天谷は大量のホットケーキミックスと日下部のはしゃいだ様子に少しうんざりしながら立ち上がった。
日下部は、手に持ったホットケーキミックスをとりあえずテーブルに置き、素早く移動して、小さな箪笥の引き出しからエプロンを二枚取り出すと、一枚を手際よく身につけ、もう一枚を天谷に放った。
「え、エプロンつけんの? わざわざ良くない?」
天谷は、めんどくさいという顔をする。
日下部は、「雰囲気出るだろ」と言って、天谷に近づくと、テキパキと天谷にエプロンを着せた。
「うわ、な、なんか」
エプロンを身に付けた天谷の姿を見た日下部が目頭を抑える。
「あ? なにその反応? 似合ってない的な?」
日下部の態度に天谷が口を尖らせる。
「いや、違う! 違う! あー、なんて言うの? お前のエプロン姿ってなんかアレだわ」
「はぁ?」
「いや、何でもない、何でもない。

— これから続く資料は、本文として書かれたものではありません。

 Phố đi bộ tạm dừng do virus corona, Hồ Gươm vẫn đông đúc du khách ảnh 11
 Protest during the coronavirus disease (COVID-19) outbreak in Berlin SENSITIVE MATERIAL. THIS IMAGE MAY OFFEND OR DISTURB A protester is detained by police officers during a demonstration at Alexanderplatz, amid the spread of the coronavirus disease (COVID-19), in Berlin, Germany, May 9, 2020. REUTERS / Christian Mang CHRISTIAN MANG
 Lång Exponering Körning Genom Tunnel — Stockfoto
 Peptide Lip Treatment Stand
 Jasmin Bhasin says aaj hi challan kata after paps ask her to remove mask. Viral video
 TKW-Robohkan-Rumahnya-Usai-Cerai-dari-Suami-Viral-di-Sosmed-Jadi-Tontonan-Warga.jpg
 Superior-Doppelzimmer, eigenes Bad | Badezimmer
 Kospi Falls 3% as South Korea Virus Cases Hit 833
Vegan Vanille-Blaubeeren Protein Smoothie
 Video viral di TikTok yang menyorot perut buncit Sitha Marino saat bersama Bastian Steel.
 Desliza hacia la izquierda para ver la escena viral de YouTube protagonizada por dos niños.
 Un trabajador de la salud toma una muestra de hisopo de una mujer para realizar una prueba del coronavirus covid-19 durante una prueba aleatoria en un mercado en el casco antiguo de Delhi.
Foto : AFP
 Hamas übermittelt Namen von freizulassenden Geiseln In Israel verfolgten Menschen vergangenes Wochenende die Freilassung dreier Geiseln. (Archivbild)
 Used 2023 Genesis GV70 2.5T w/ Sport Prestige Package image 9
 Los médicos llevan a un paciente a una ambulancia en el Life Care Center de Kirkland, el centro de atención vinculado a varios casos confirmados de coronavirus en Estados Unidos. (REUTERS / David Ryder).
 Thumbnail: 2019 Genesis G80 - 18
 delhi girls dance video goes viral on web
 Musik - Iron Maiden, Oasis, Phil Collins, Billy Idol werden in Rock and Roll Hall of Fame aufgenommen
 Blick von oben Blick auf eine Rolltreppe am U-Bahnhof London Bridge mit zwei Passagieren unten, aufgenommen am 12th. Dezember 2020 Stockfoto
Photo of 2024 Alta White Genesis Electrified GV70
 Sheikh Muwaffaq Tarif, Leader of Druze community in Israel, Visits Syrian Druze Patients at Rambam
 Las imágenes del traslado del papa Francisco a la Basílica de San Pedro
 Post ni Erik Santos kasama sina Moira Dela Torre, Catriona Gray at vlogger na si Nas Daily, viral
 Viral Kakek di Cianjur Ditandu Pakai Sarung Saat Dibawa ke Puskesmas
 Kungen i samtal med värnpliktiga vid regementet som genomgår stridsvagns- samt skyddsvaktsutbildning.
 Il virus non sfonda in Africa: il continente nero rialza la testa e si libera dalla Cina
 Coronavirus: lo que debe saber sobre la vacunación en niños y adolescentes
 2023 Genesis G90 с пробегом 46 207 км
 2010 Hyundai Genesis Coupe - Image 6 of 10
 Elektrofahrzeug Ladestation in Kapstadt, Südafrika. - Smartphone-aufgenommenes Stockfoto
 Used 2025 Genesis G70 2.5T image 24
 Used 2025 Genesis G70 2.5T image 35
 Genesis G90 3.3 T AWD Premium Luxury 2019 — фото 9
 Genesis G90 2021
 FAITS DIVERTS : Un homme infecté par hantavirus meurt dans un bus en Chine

なに考えてるんだよ、俺は! ああ、うん。よし、天谷、ホットケーキ作ろうか! うん!」
「おい、半分独り言って何なんだよ、もう。この間からお前、疲れるな。首、犬に噛まれたとかバカなこと言ったあの日以来、お前の俺への態度、なんかおかしいだろ。なぁ、なんなわけ?」
「お、お前こそ、あの日、なんか俺への態度おかしかっただろ! 俺、何かした?」
日下部が絆創膏を貼った首を片手で抑えながら天谷の肩を揺さぶった。
「うううっ、なな、なんもないっ……もういいし。んっ、やっ、もう揺するなよ、バカっ! 気持ち悪っ……」
「あ、ごめん」
日下部は慌てて天谷を離した。
天谷のエプロン姿に落ち着かない日下部と、日下部に対して不審そうな天谷は二人で台所に立つとホットケーキ作りを始めた。